Re: Avoid orphaned objects dependencies, take 3

2024-05-21 Thread Bertrand Drouvot
Hi,

On Sun, May 19, 2024 at 11:00:00AM +0300, Alexander Lakhin wrote:
> Hello Bertrand,
> 
> Probably, it's worth to avoid ERRCODE_INTERNAL_ERROR here in light of [1]
> and [2], as these errors are not that abnormal (not Assert-like).
> 
> [1] https://www.postgresql.org/message-id/Zic_GNgos5sMxKoa%40paquier.xyz
> [2] https://commitfest.postgresql.org/48/4735/
> 

Thanks for mentioning the above examples, I agree that it's worth to avoid
ERRCODE_INTERNAL_ERROR here: please find attached v7 that makes use of a new
ERRCODE: ERRCODE_DEPENDENT_OBJECTS_DOES_NOT_EXIST 

I thought about this name as it is close enough to the already existing 
"ERRCODE_DEPENDENT_OBJECTS_STILL_EXIST" but I'm open to suggestion too.

Regards,

-- 
Bertrand Drouvot
PostgreSQL Contributors Team
RDS Open Source Databases
Amazon Web Services: https://aws.amazon.com
>From 79809f88311ef1cf4e8f3250e1508fe0b7d86602 Mon Sep 17 00:00:00 2001
From: Bertrand Drouvot 
Date: Fri, 29 Mar 2024 15:43:26 +
Subject: [PATCH v7] Avoid orphaned objects dependencies

It's currently possible to create orphaned objects dependencies, for example:

Scenario 1:

session 1: begin; drop schema schem;
session 2: create a function in the schema schem
session 1: commit;

With the above, the function created in session 2 would be linked to a non
existing schema.

Scenario 2:

session 1: begin; create a function in the schema schem
session 2: drop schema schem;
session 1: commit;

With the above, the function created in session 1 would be linked to a non
existing schema.

To avoid those scenarios, a new lock (that conflicts with a lock taken by DROP)
has been put in place when the dependencies are being recorded. With this in
place, the drop schema in scenario 2 would be locked.
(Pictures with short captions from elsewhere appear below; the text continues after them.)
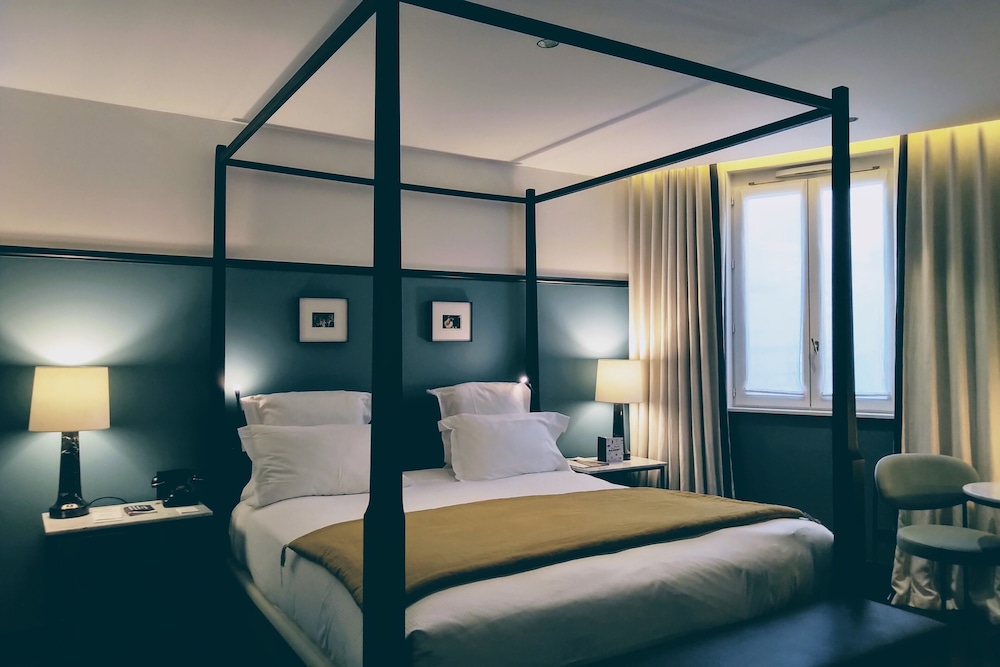 DELUXE, DOUBLE BED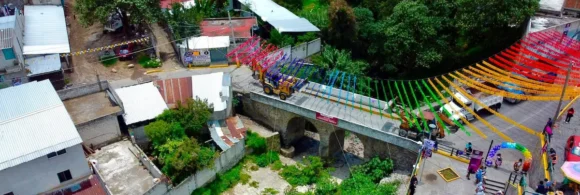 Puente vehicular en la junta auxiliar de San Miguel Canoa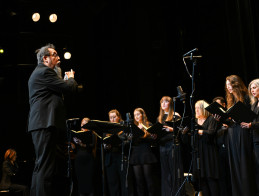 Concerto di voci e archi a pizzico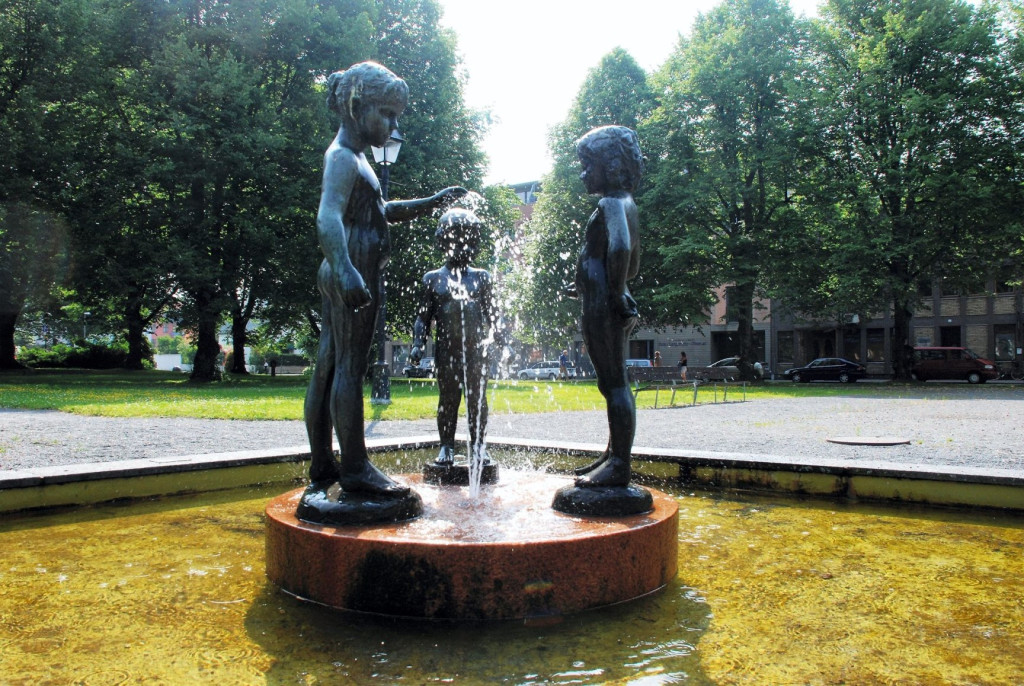 Dekorasjon (utsmykning) av Kirkeparken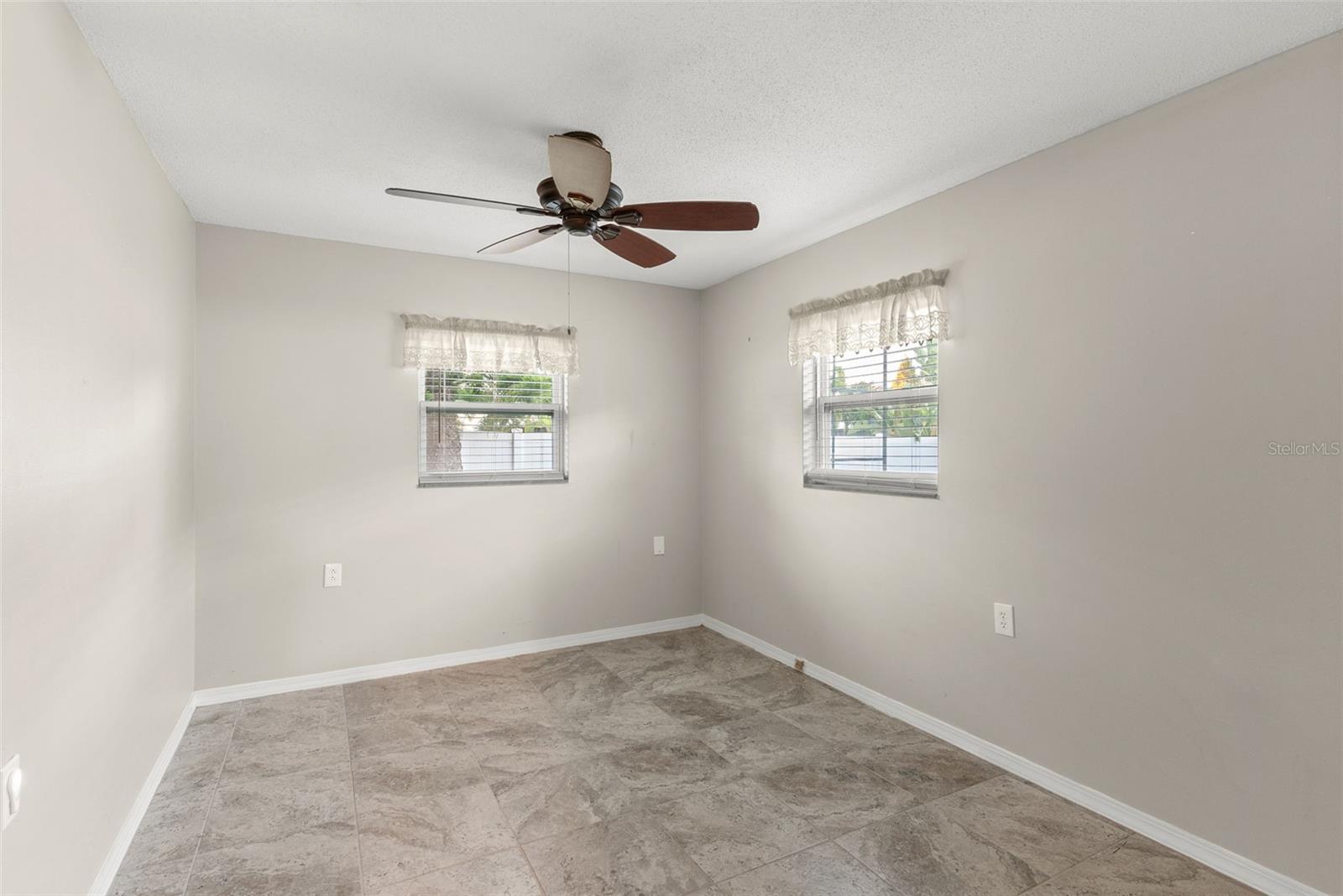 7861 38TH TER N, ST PETERSBURG, FL — photo 18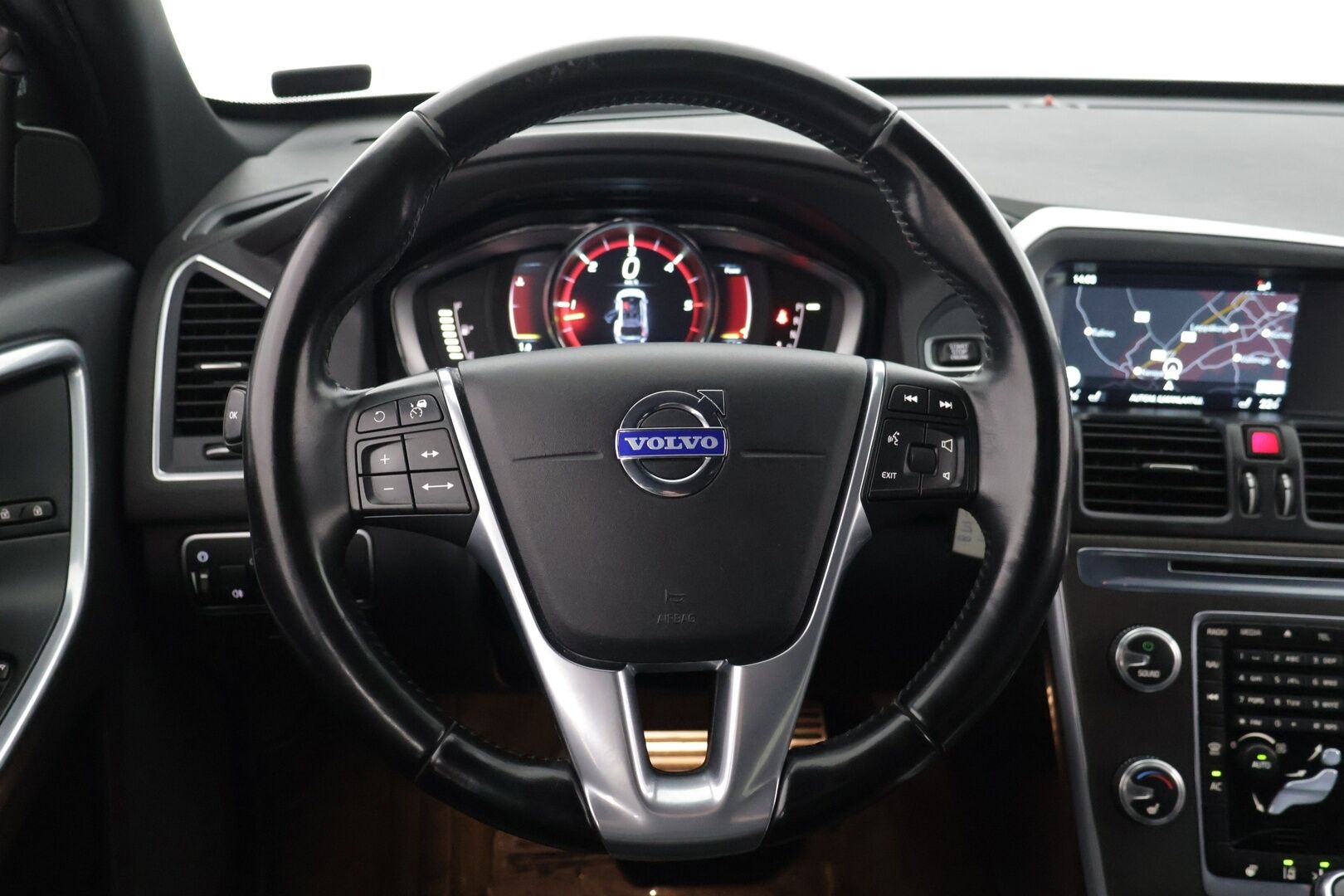 Volvo XC60 2016 D4 AWD Summum aut - *VOC /  ACC / Blis / Sähkösäätöinen kuljettajan istuin muistilla / Koukku / Suomi-auto*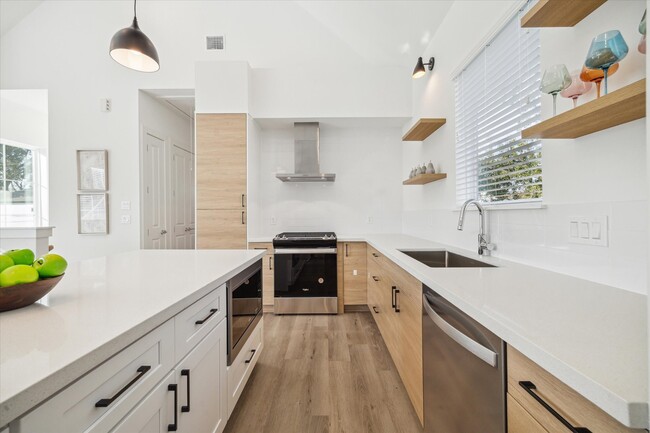 Building Photo - 845 Elkhart St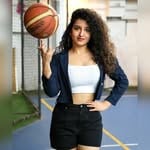 Vyishali Kemkar(@kemy_insta_official)'s profile avatar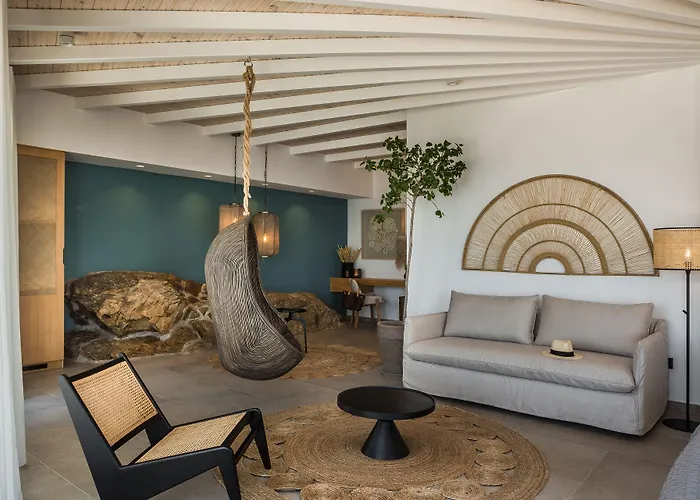 Lyo Boutique Hotel 4*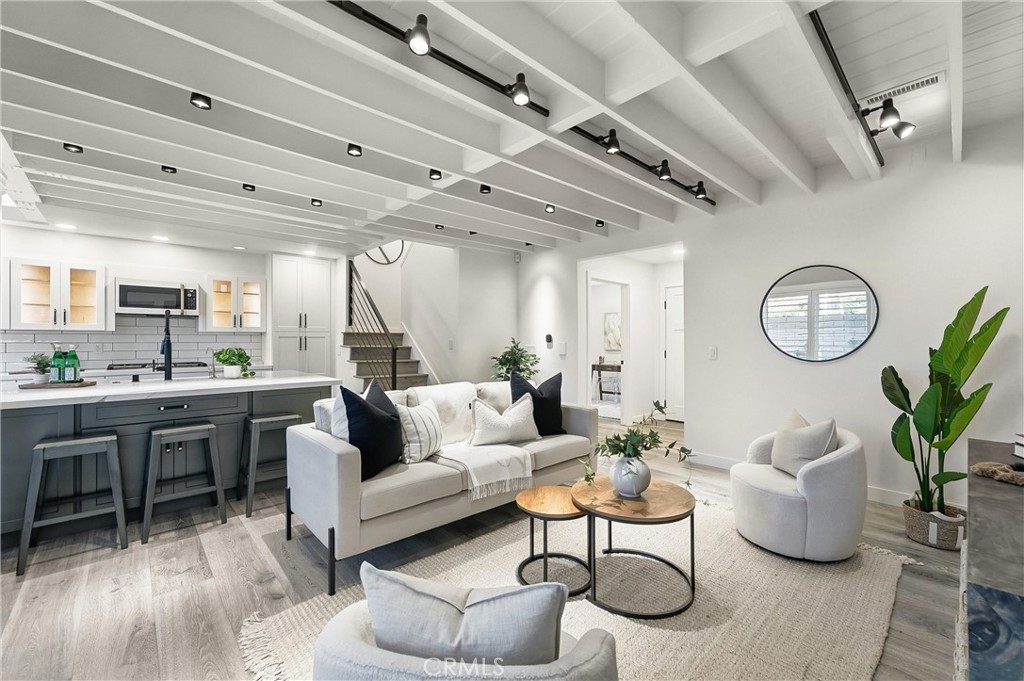 17515 Via Lindo Property Photo 6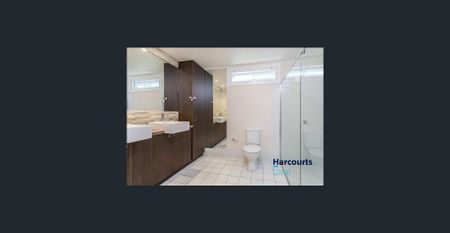 Queenslander With Leafy Surrounds - Photo 4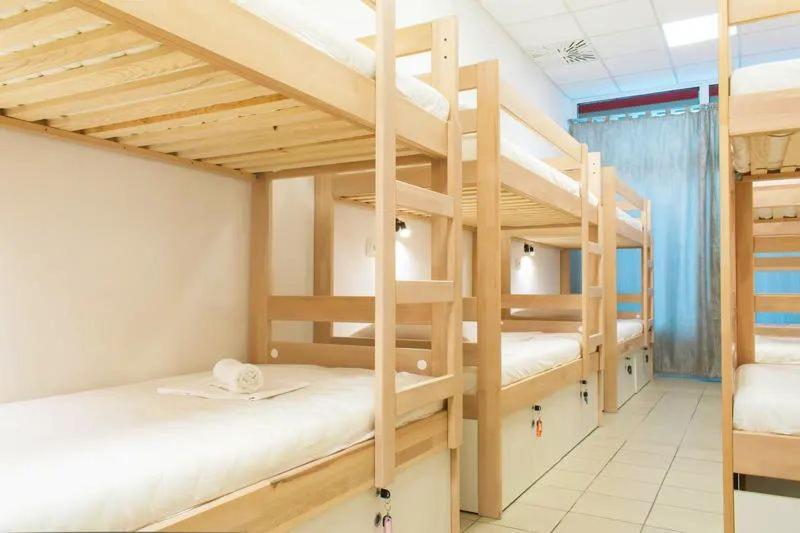 Gravitas Hostel Сплит Экстерьер фото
Also, after the new lock attempt, the patch checks that the object still exists:
with this in place session 2 in scenario 1 would be locked and would report an
error once session 1 committs (that would not be the case should session 1 abort
the transaction).

If the object is dropped before the new lock attempt is triggered then the patch
would also report an error (but with less details).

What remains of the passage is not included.